Leaving out every picture, output the records below exactly as they are.
[Given data — start]
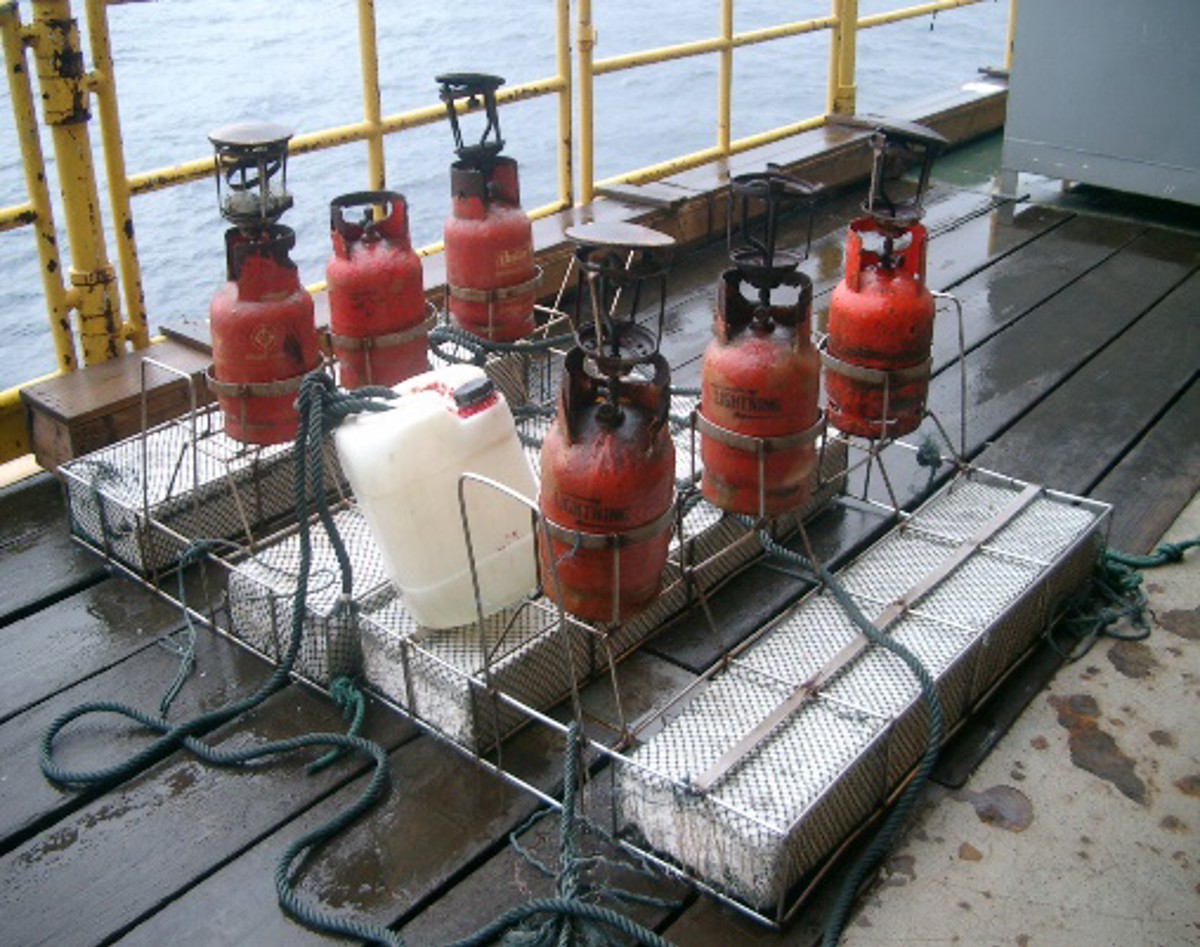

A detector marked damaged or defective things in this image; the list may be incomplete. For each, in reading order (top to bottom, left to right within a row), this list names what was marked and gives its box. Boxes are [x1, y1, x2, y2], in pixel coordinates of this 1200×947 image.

rusty yellow pipe [2, 0, 75, 372]
rusty yellow pipe [29, 0, 121, 364]
rusty yellow pipe [85, 0, 147, 348]
rusty yellow pipe [355, 0, 384, 190]
rusty yellow pipe [554, 0, 573, 207]
rusty yellow pipe [576, 0, 595, 202]
rusty yellow pipe [715, 0, 734, 154]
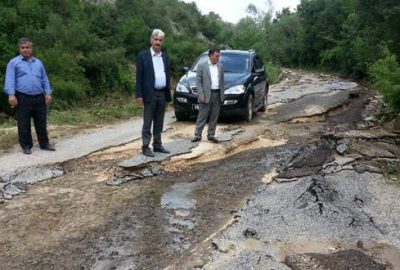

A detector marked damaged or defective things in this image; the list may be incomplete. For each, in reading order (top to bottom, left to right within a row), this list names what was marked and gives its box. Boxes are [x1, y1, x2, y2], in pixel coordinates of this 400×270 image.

damaged asphalt road [0, 70, 400, 270]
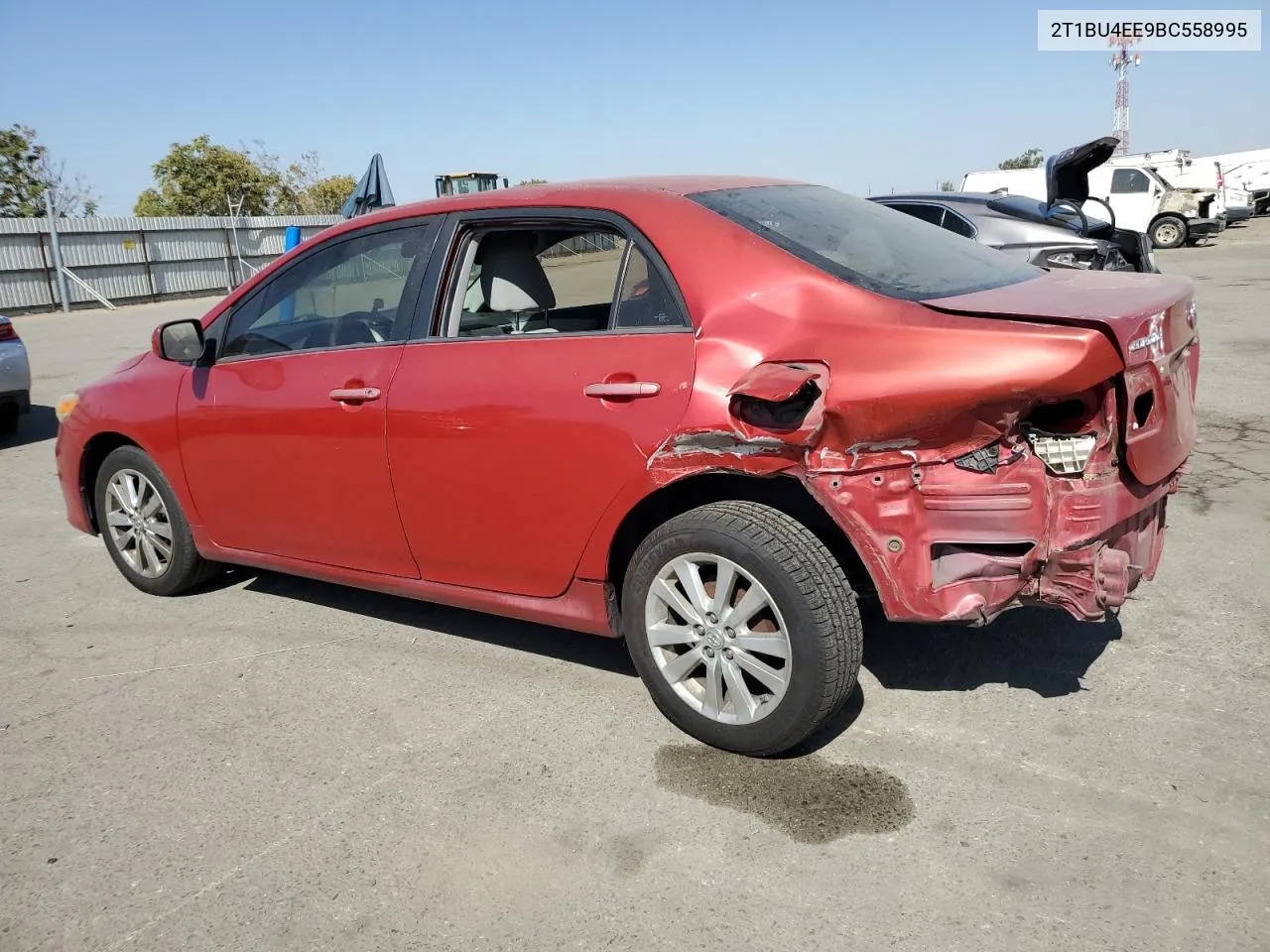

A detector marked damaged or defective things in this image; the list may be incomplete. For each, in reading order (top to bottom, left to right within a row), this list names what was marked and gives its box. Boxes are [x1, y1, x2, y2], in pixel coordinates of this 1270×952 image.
[Given data — finish]
**Task answer**
A detector marked damaged or defective things in this image; the list may be incomplete. For each, in reading order (top to bottom, left to right within a row), this list names what was marked and gives its box. Boxes are [x1, y1, x2, y2], in pixel coordinates of this 1200×947 image.

rusty yellow pipe [2, 0, 75, 372]
rusty yellow pipe [29, 0, 121, 364]
rusty yellow pipe [85, 0, 147, 348]
rusty yellow pipe [355, 0, 384, 190]
rusty yellow pipe [554, 0, 573, 207]
rusty yellow pipe [576, 0, 595, 202]
rusty yellow pipe [715, 0, 734, 154]

A detector marked damaged or defective things in this image; the list may be incomplete. For each, in reading order (top to bottom, left to right within a row), this list names what was marked and gives its box. Boxes are [x1, y1, x2, y2], in pixel coordinates of this 400×270 image.

damaged asphalt road [0, 70, 400, 270]

A detector marked damaged or defective things in this image; the list may be incomplete. For each, in reading order (top to bottom, left to right within a row), this list names what was marked and gives its box. Boxes are [x1, y1, x2, y2], in pixel coordinates of this 1270×952 image.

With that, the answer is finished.